7月29日の記者会見で、医師主導臨床研究において、社員は研究者が実施すべきいかなる業務にも一切関与しないとの弊社としての方針を表明しました。その後、この方針のもと、MRが関与してはいけない業務を理解しやすいように、具体的なルールを策定するために社内でチームを組んで検討し、11月5日に新たにルールを制定しました。
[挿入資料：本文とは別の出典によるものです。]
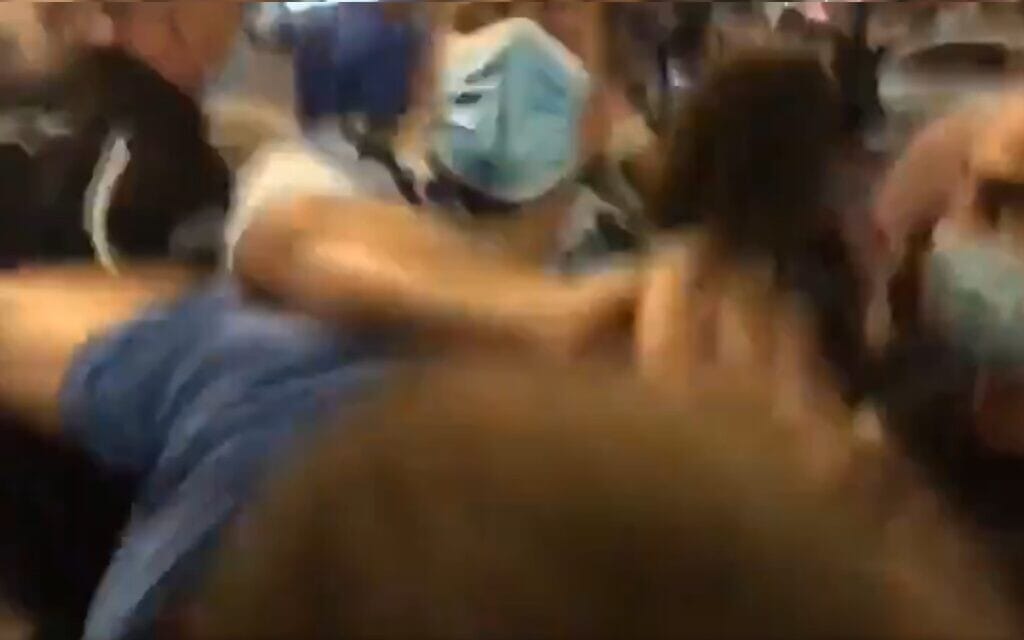 צילום מסך מתוך הסרטון בו דוחף סגן ניצב ניסו שחם את המפגין אביחי גרין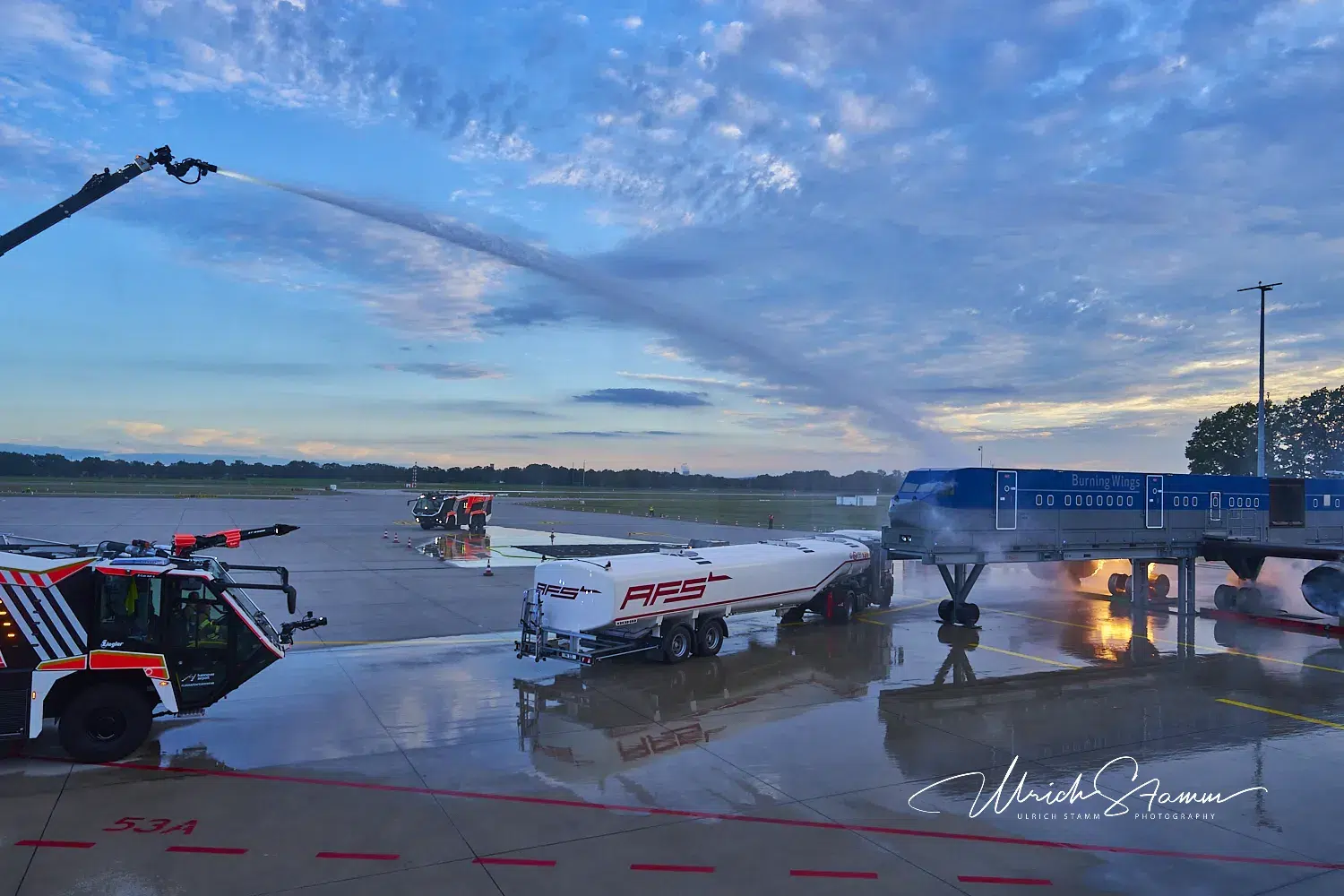 ICAO Uebung 2026 Hannover Airport US 2026 09 15 80 Am Dienstag, den 15. September 2026, findet am Hannover Airport eine Flugunfall-Übung der Flughafenfeuerwehr statt. Die Richtlinien der Internationalen Zivilluftfahrtorganisation (ICAO) schreiben diese turnusmäßigen Notfallübungen im Abstand von zwei Jahren vor. Die Übung dient dazu, das Zusammenspiel zwischen den Einsatzkräften der Flughafenfeuerwehr, den kommunalen Feuerwehren, dem erweiterten Rettungsdienst der Region Hannover und anderer involvierter Behörden sowie Abteilungen der Flughafengesellschaft zu trainieren. Die Brandsimulationsanlage des Hannover Airport ist Teil des Übungsszenarios.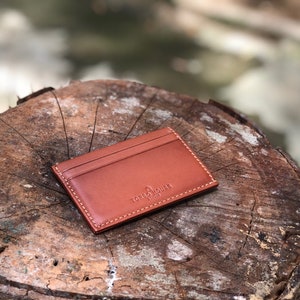 Cartera de cuero delgada personalizada con monograma imagen 3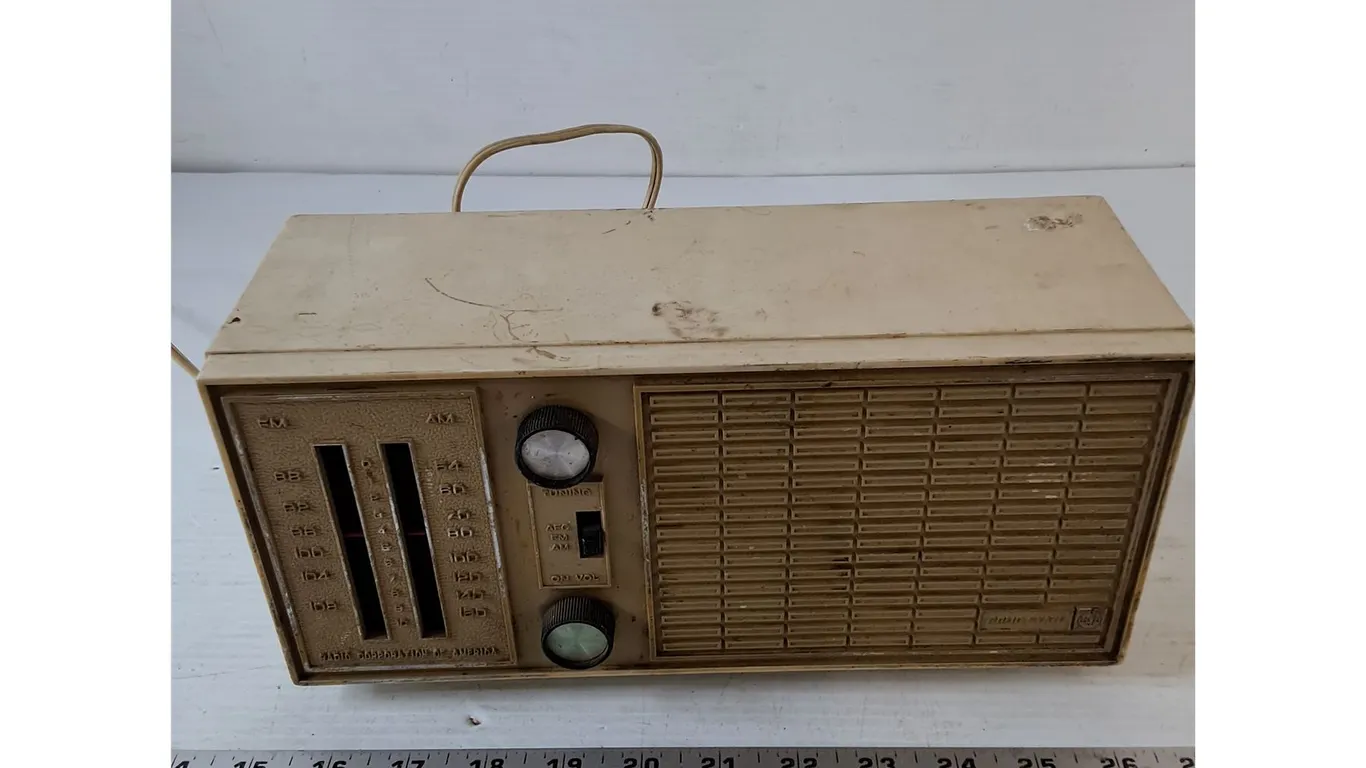 RCA Table Radio Tested Works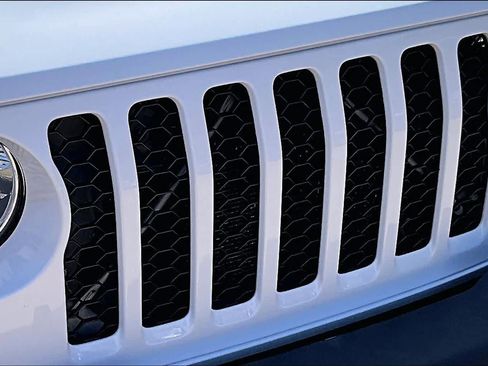 Used 2022 Jeep Gladiator Sport AWD/4WD image 27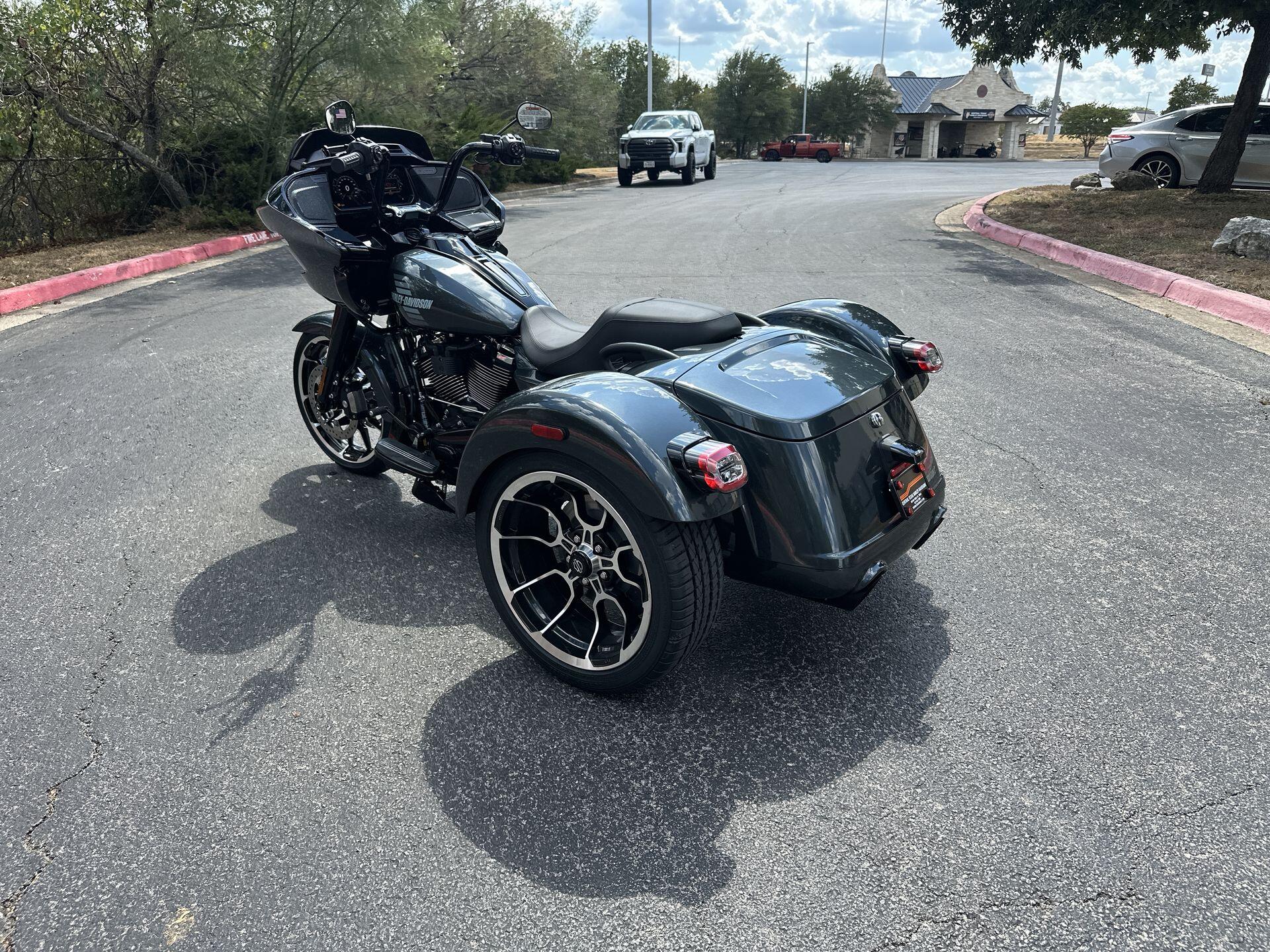 2026 Harley-Davidson® Road Glide 3 FLTRT, photo 8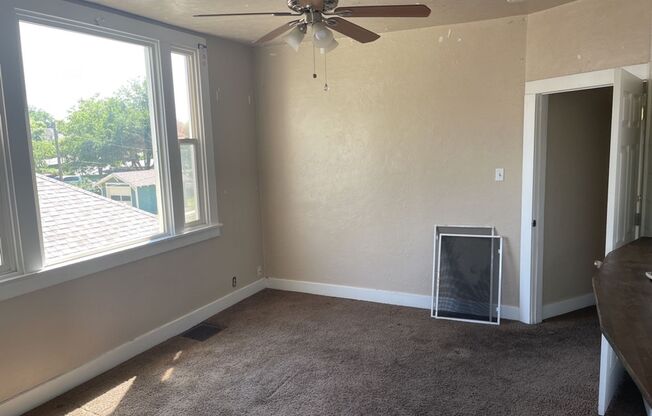 Spacious 8 Bedroom across from UNC - PRE-LEASING FOR AUGUST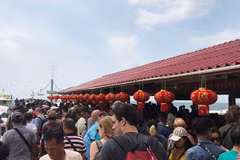 Cambodia hosts nearly 1 million tourists on Lunar New Year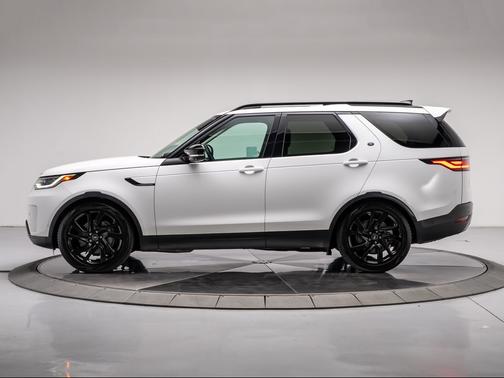 Fuji White 2024 Land Rover Discovery P300 S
制定後は、その内容につきまして順次、社内教育を行い、約1か月をかけてすべての営業とその他顧客対応を行う社員を対象に実施しました。

しかしながら、昨年7月にお示しした方針と11月に導入した新ルールに対して社内の徹底が不十分であったこともあり、再びこのような事態を招いてしまったことは、言い訳のしようがなく、改めまして、深くお詫び申し上げます。

弊社のこのような軽率な行為により、データの信頼性に疑念を生じ、この医師主導臨床研究が中断に至ってしまったと理解しております。慢性骨髄性白血病の患者様のQOL向上に貢献できるはずのこの研究が中断されることにより、研究に参加された患者の皆様および医療関係者の皆様に多大なご迷惑をおかけしましたことを大変申し訳なく、重ねて深くお詫び申し上げます。

また、現在までに把握できている事実として、2013年2月20日から同年6月30日にかけて、SIGN研究を促進するための社内のインセンティブプログラムが実施されていたことが確認されました。
患者様のいのちに関わる医薬品を開発・提供している製薬会社としては、あるまじき行為であると深く反省しております。

今後は、社外の専門家による調査委員会において早期に真相を究明し、昨年11月に設置した外部有識者によるコンプライアンス・アドバイザリーボードの御意見を伺いながら、再発防止に万全を期して参ります。また、調査結果に応じて、責任の所在を明らかにしていく所存です。

「私たちは、革新的な製品とサービスで、人々の健康と豊かな生活に貢献する」という企業目的を掲げています。もう一度原点に立ち返り、真に患者様に貢献できる企業となれるよう、企業文化を再構築してまいります。